I have designed my own web reader. With the web reader, I can subscribe to blogs and websites I like. The reader updates once a day to show all the web pages published in the previous day. I can also see pages published in the last seven days.
Yesterday, I found an edge case: the title for article that used curly quotes was not properly displayed. The curly quotes were “mojibake” characters. This refers to characters that appear malformed as a result of character encoding. It can happen when, for example, you convert a piece of text to the wrong encoding.
I started to think about how to fix the error. First, I opened my web reader code. Then, I ran a test on the exact feed that was causing problems. Focusing on the specific case you are looking to fix is an essential point in debugging I have come to realise. It is much more efficient to test only the broken feed than it is to run the whole script with all feeds and wait until the error comes up.

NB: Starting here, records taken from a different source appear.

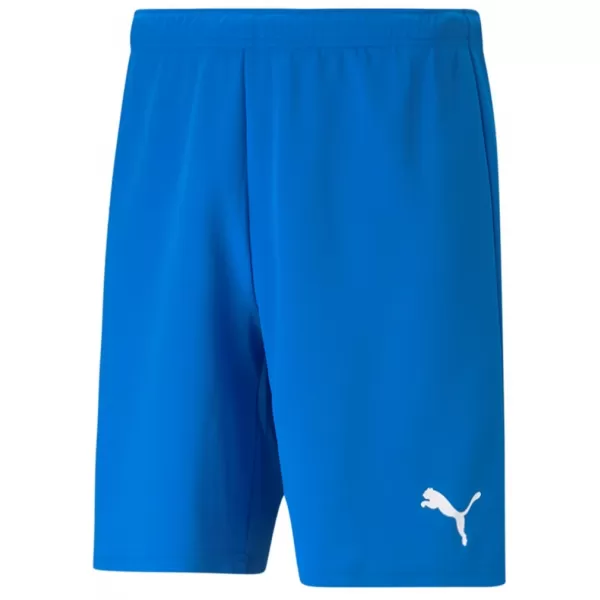  Herrenshorts PUMA TEAMRISE SHORT 704942-02 ELECTRIC BLUE LEMONADE/ ELECTRIC BLUE LEMONADE/PUMA WHITE 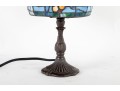 Small Stained Glass Tiffany-Style Table Lamp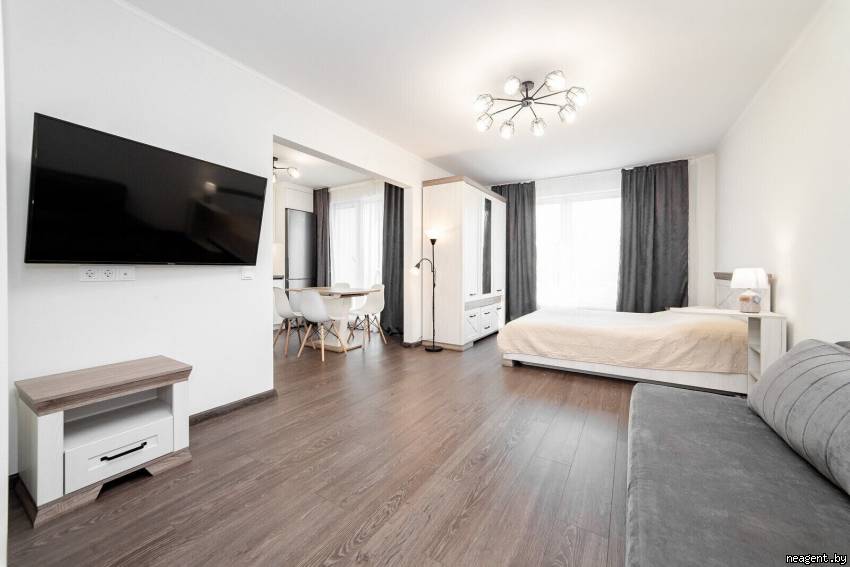 1-комнатная квартира, ул. Михаила Миля, 16, 1457 рублей: фото 9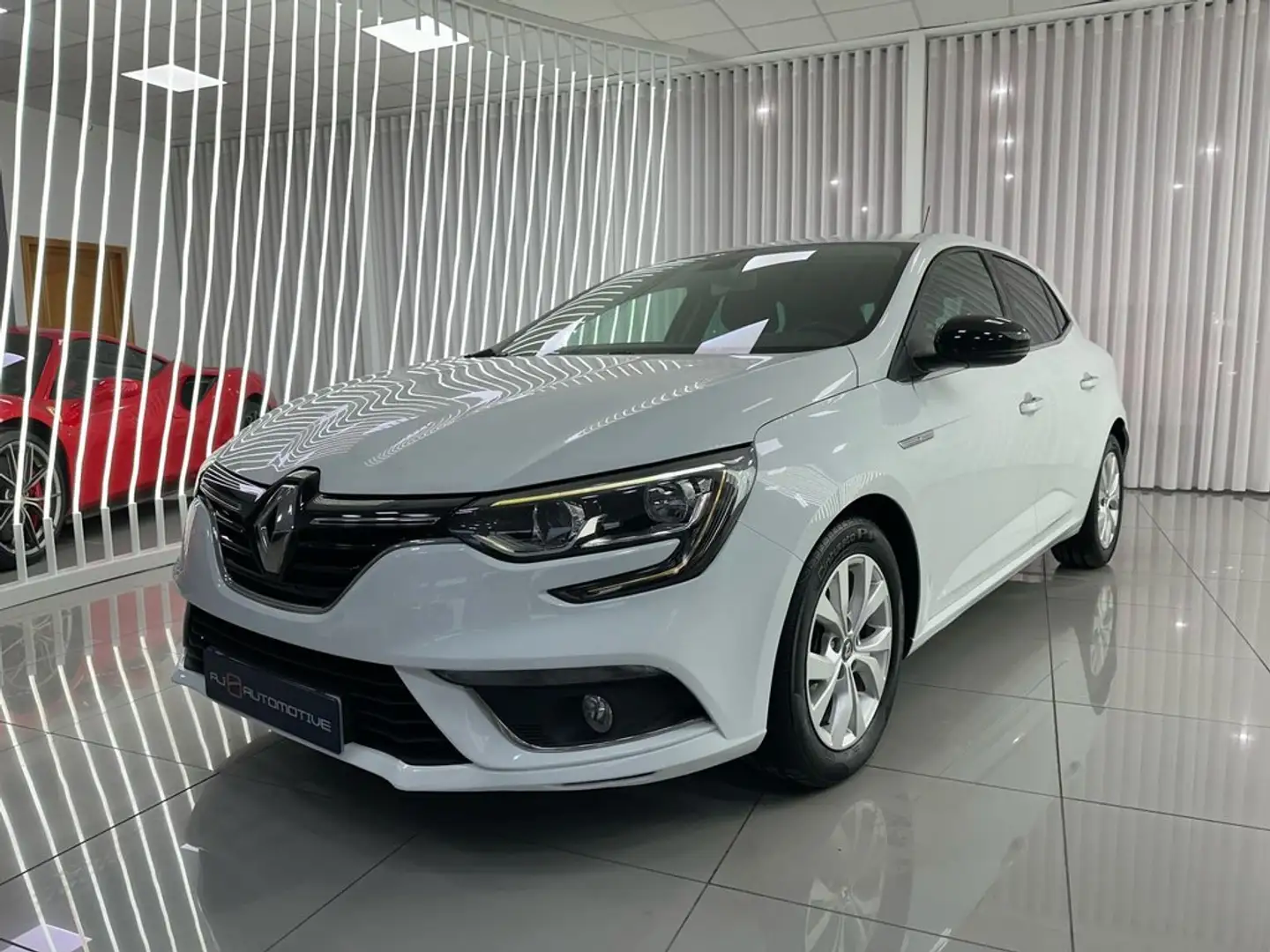 Renault Megane 1.5dCi Blue Limited 85kW Blanco - 1
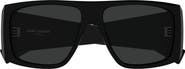 Saint Laurent 57mm Rectangular Sunglasses
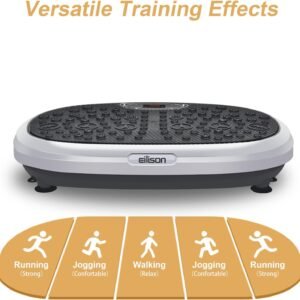 EILISON FitMax 3D XL Vibration Plate Exercise Machine - Whole Body Workout Vibra...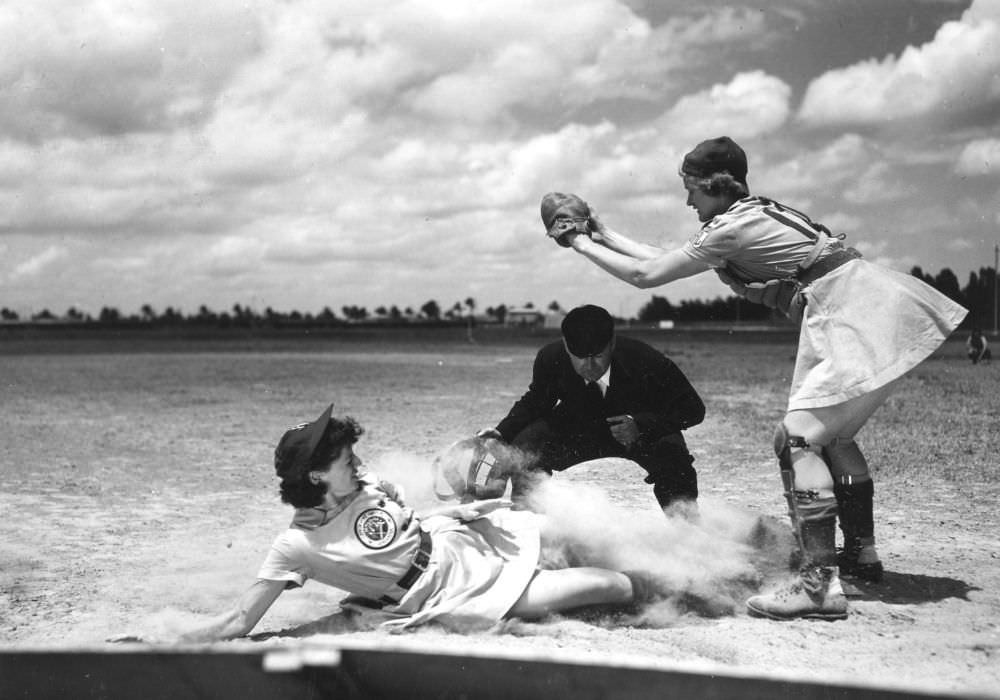 Beyond “A League of Their Own”: The Story and Photos of the All-American Girls Professional Baseball League (1943-195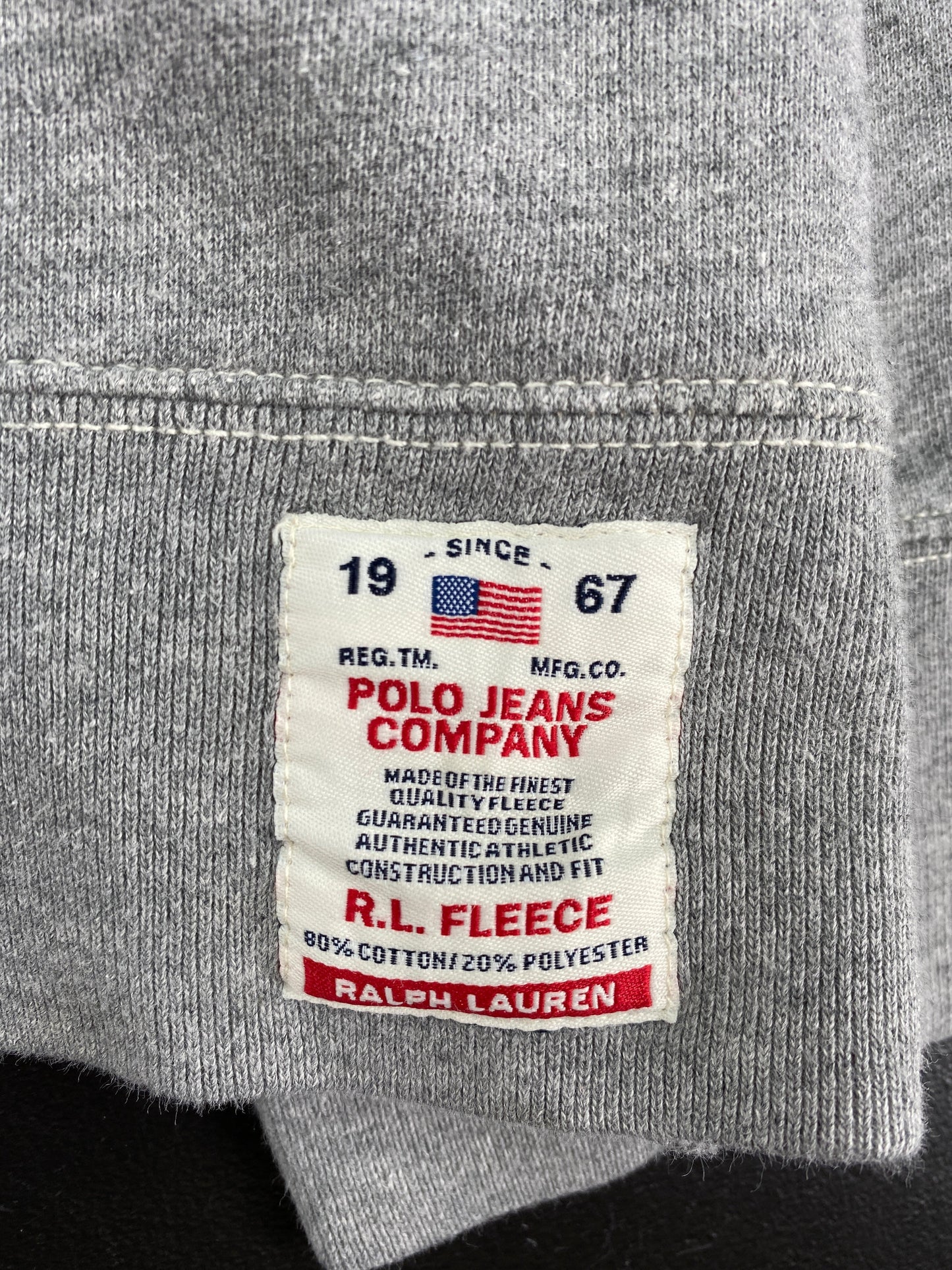 00' POLO JEANS Size XXL Vintage Sweat-Shirt / G5948S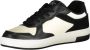 Calvin Klein Stijlvolle Zwarte Sneakers met Contrastdetails - Thumbnail 4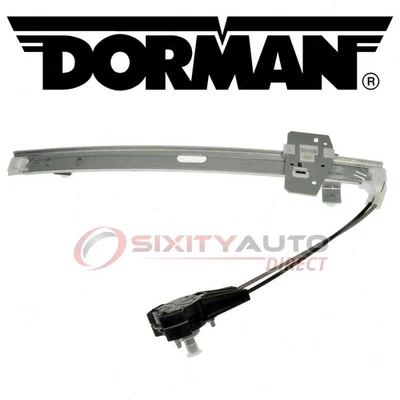 Dorman Front Right Window Regulator for 1987-1993 Mazda B2600 Body Doors  pk Foto 1 de 4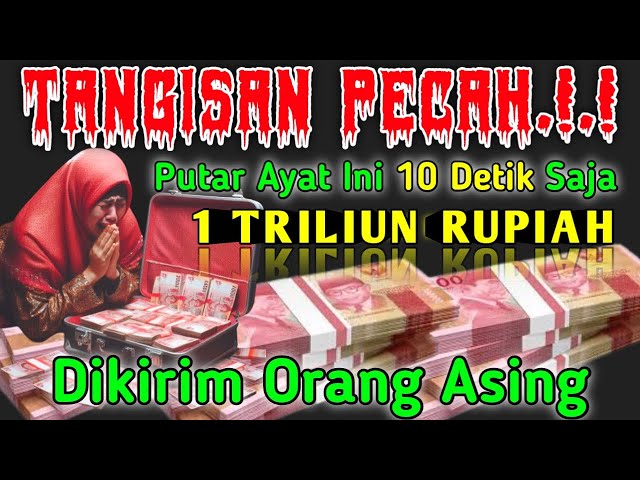 PUTAR DZIKIR INI❗Dzikir Mustajab Pembuka Pintu Rezeki, InsyaAllah Rezekimu Mengalir Deras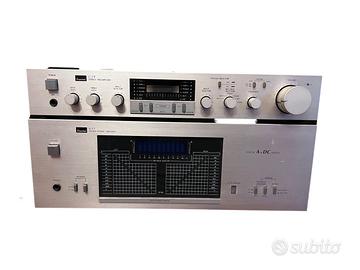 IMPIANTO HI-FI VINTAGE SANSUI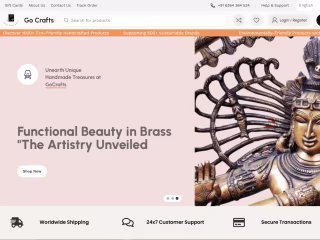 Gocrafts Website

Then, I started to ask: “what is the nature of the problem?” In discussion with the maintainer of a package I was using, it was noted that the issue was mojibake. This information gave me a clue as to what was going wrong and where to look next. I looked up mojibake and learned the problem came from character encoding. I didn’t know too much about character encoding, so I knew I’d have to do more research to help figure out what was wrong.
Knowing the error, I could then ask “what is breaking?” Initially, I thought that the problem could be the library that converts feeds from one to another but that didn’t prove out after checking what the feed looked like before it was converted. Before the feed was converted, there was still mojibake. To help figure out what was breaking, I created a new Python file and created a minimum example of the feed request. This helped me decouple the bug from the rest of my code. I isolated the problem to the web request.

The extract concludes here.